ShoStak describes this as a cinematic ecosystem. Stories are not treated as disposable content designed to spike and disappear. They are built to grow over time.

And that growth happens in public.

Ownership Without Losing Structure

One of ShoStak’s core ideas is giving creators more control over what they build.

Filmmakers are positioned to:

  • Retain ownership of their intellectual property
  • Build direct relationships with their audience
  • Grow projects based on real engagement

At the same time, this is not a free-for-all.

There is still structure. Projects are evaluated, developed, and refined through a process that blends audience input with creative and strategic decision-making.

Instead of removing the system entirely, ShoStak is reshaping how creators move through it.

Development Happens in Public

This is where things start to separate from the traditional model.

Instead of developing behind closed doors, ShoStak allows projects to evolve in front of an audience.

Creators introduce their ideas, build a following, and expand their worlds over time. As engagement grows, so does the project.

It is less about waiting for approval and more about proving momentum.

Over time, that turns the platform into something larger than a development program. It becomes an open ecosystem where creators and audiences push stories forward together.

More Than Just Testing Ideas

Micro-series are a big part of ShoStak’s approach, but they are not just a testing ground.

They can be the final product.

The format allows creators to:

  • Tell complete stories in shorter form
  • Build long-term story worlds
  • Expand into larger projects when it makes sense

It is not about proving an idea and moving on.
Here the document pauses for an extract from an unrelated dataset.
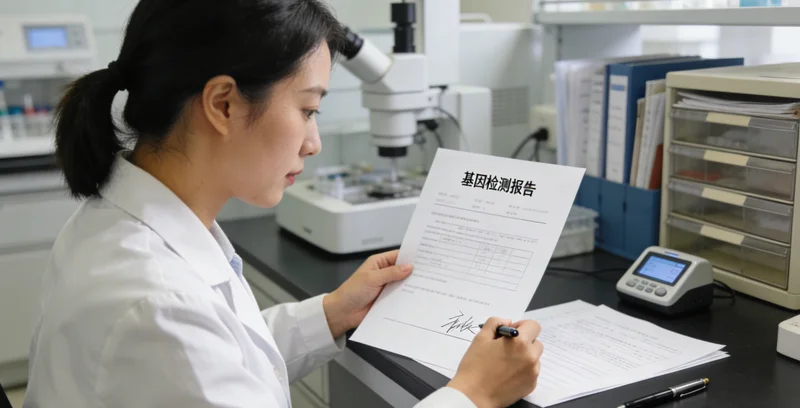 市级市基因检测报告与医生联合解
It is about giving that idea room to grow in whatever direction fits.

Why This Matters for Horror

Horror has always thrived outside the system.

Some of the most memorable films in the genre came from creators taking risks, working with limited resources, and finding their audience without waiting for permission.

ShoStak’s model fits naturally into that mindset.

It gives horror creators a space to:

  • Build original story worlds
  • Connect directly with fans
  • Grow projects without losing control

And with early content like Civilian and Liminal already rolling out, it is clear the platform is aiming for more than just quick-hit content.

A Different Path Forward

ShoStak is not trying to compete by doing the same thing better.

It is trying to change how stories are created, developed, and sustained.

By combining creator ownership, audience engagement, and a structured development path, it offers something that feels closer to a creative ecosystem than a traditional platform.

Whether it works long-term is still unknown.

But for filmmakers looking for a new way in, it is opening a door that has been closed for a long time.